Jodi Kantor’s New York Times article entitled “For Stanford Class of ’94, a Gender Gap More Powerful Than the Internet” which attempts to educate readers about the realities of gender inequality in Silicon Valley does not include a single one of these jarring statistics.
Instead of being bound by the bore of facts and statistics, the author decided to recount a story. This tale happened to be a comparison between the careers of former Review Editor David Sacks and that of Jessica Dilullo. Cantor uses Sacks, ex-COO of Paypal, founder of Yammer and COO of Zenefits, as a foil for Jessica Dilullo the founder of Stella & Dot “a boutique style accessories company offering flexible entrepreneurship for women” in order to symbolize how different it is to be a male versus female entrepreneur in the technology sector. Moreover, Kantor draws from Sacks’ early writings in The Stanford Review about the merits of cultural diversity in order to paint him as an anti-feminist, implicitly suggesting that he was a causally related to or at the very least emblematic of misogyny in Silicon Valley.
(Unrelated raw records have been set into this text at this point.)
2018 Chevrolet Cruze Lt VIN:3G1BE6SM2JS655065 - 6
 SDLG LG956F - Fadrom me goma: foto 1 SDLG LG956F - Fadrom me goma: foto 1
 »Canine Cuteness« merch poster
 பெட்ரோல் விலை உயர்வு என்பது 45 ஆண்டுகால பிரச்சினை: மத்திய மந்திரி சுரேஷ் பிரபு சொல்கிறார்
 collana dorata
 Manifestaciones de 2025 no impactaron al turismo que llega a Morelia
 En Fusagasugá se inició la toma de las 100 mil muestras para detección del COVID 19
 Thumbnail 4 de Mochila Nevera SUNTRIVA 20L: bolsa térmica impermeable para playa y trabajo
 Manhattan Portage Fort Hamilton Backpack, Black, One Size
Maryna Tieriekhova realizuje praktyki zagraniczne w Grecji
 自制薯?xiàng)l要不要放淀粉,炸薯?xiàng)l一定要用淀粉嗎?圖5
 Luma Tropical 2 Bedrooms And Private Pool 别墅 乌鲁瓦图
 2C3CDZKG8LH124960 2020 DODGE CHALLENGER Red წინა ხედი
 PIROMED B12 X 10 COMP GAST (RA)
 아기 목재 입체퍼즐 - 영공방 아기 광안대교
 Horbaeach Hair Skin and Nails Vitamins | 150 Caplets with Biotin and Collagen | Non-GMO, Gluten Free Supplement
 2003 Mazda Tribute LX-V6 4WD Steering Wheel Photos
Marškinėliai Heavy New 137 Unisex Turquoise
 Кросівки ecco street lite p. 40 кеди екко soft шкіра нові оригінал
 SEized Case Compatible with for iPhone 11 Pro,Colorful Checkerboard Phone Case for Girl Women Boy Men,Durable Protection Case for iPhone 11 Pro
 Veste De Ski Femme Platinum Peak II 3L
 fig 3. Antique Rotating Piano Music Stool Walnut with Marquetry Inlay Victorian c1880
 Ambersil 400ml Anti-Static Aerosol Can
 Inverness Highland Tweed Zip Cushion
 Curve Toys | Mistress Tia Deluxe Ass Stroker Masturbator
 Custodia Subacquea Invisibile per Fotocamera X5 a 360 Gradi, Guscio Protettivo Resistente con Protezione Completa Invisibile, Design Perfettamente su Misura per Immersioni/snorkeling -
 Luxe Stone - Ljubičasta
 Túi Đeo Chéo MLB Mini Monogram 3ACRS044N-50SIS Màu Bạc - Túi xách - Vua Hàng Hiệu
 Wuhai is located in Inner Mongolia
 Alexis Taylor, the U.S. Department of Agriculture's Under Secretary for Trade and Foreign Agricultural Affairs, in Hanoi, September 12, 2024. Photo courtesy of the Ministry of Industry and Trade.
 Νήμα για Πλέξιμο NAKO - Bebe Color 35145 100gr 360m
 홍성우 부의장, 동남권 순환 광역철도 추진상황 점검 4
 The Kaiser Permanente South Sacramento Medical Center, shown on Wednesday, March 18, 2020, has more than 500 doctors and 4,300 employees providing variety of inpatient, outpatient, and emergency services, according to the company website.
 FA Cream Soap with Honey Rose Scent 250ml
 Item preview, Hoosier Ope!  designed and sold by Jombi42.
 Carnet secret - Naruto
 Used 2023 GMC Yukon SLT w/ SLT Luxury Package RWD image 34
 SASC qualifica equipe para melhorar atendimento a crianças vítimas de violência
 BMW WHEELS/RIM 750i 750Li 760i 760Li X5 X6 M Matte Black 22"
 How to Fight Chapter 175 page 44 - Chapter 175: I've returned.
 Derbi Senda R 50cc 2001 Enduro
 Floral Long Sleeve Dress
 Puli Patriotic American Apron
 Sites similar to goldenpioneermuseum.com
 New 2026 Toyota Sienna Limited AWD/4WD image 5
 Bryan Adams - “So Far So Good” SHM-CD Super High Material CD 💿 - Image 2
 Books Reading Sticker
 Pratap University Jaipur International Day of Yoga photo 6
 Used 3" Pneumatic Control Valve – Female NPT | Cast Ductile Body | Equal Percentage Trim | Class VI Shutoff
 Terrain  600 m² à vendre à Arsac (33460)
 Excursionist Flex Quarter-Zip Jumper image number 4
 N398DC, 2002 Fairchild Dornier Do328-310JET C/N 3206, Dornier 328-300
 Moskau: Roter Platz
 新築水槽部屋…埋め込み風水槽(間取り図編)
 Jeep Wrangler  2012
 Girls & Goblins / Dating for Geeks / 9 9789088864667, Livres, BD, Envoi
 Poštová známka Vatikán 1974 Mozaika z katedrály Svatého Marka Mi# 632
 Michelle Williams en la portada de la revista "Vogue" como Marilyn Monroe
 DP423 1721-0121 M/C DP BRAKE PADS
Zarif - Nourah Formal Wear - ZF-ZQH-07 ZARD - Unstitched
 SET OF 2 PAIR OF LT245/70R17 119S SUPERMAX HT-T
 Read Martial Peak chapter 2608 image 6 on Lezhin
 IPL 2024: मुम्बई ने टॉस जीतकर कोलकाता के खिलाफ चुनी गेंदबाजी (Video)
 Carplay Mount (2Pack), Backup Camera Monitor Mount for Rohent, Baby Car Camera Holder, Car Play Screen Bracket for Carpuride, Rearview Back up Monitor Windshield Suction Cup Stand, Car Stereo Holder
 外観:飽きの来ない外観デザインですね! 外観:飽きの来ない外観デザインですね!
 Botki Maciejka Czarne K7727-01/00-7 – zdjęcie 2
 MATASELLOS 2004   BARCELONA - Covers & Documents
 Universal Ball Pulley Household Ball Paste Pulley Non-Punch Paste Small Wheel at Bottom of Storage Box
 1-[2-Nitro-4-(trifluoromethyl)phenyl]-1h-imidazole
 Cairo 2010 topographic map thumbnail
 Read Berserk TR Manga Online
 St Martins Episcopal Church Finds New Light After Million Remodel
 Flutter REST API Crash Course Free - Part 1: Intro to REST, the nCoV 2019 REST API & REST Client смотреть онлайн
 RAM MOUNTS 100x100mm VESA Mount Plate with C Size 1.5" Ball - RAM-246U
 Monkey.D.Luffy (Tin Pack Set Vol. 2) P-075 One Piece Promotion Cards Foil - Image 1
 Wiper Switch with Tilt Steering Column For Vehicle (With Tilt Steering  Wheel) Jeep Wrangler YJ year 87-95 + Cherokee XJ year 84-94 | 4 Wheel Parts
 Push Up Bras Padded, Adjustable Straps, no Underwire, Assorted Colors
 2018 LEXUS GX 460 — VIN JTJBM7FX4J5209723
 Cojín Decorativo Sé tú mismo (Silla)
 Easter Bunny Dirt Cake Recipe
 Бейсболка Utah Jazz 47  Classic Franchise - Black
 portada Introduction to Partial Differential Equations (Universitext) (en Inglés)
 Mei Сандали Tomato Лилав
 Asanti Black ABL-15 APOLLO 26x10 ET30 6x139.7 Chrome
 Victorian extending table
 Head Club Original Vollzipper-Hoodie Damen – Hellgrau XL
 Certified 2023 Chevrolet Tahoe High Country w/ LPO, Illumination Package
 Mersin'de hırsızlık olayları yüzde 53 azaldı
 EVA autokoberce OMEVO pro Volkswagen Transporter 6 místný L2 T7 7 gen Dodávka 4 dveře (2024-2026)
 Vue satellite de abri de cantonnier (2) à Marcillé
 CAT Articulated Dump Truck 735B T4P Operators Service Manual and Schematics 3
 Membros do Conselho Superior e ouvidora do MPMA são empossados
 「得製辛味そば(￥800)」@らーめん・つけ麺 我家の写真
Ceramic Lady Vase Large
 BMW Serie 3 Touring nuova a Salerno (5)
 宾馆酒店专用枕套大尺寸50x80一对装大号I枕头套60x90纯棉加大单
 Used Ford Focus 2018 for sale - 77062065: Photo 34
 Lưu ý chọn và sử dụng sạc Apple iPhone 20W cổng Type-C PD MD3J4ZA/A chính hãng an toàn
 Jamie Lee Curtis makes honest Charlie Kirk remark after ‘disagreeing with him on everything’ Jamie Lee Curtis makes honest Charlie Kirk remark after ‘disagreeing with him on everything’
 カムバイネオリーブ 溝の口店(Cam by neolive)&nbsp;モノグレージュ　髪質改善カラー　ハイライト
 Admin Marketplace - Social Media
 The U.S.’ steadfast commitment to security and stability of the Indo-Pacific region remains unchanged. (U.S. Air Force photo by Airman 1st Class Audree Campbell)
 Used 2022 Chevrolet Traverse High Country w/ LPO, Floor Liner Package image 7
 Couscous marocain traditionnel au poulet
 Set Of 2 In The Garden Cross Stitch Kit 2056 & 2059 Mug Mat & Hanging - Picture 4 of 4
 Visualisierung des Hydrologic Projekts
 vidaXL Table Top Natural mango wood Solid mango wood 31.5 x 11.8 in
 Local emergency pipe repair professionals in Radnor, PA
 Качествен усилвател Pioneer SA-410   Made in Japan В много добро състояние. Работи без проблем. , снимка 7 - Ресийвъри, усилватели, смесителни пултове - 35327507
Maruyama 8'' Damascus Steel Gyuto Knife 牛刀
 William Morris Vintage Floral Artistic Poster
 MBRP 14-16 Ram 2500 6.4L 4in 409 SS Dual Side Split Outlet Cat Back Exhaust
Kantor’s argument is based almost entirely on generalizations and the exploitation of preexisting stereotypes. Her storytelling style, lack of facts, and use of outliers as examples disqualifies her argument from anthropological or sociological relevance. It is an all too frequent narrative that plays to the classic hero-villain-victim prototype in order to avoid having to delve into any substantial analysis. In fact, Kantor is so obsessed with characterizing Sacks as a privileged, intolerant white male that she mistakenly claims he was in a fraternity while at Stanford. Moreover, she gets away with including factually vacant statements like “a large number of the women who were inclined toward science and information analysis chose to become physicians.” What’s more the article completely fails to acknowledge that even amongst male entrepreneurs Sacks and the entire Paypal mafia stand out as outliers in terms of their success. Their fame and respects stems from the fact that they are willing to tackle problems from first principles as opposed to relying on existing frameworks of thought – the underpinning value of this publication.
Furthermore, Kantor completely mischaracterizes Sack’s positions at The Review. She claims that “Sacks had fought the school’s diversity efforts bitterly” suggesting that he had been attempting to suppress the voices of women at Stanford. However, anyone who has read Sack’s work knows that his crusade was against the denigration of the Western Civilization curriculum at Stanford and the rejection of divisive identity politics – the exact kind of politics that lead to Kantor style ad-hominem attacks and rhetoric. This classic straw man maneuver serves to further characterize Sacks as a villainous, but it also reveals Kantor’s agenda. That is if her illustration of Sacks as “an awkward freshman who often had trouble looking other students in the eye” does not prove that this article goes beyond the scope of gender inequality in tech.
Evidently the portrayal of this paper as being the progenitor of gender inequality is offensive and unfair, especially when coming from a paper as well established as the Times is. The fact that, in Sacks’ case, the author goes back 20 years to find content that will fit her narrative is but one indication of the lopsided oppositional nature of her article. What we are left with is not a sophisticated or informed portrait of the very real problems facing Silicon Valley, but instead an attempted character assassination. Bringing attention to systematic problems is honorable. However, this type of rhetoric hijacks the hard work of people like Jessica Dilullo and Gina Bianchini by failing to portray the systemic nature of the problem and bringing no new information to fore.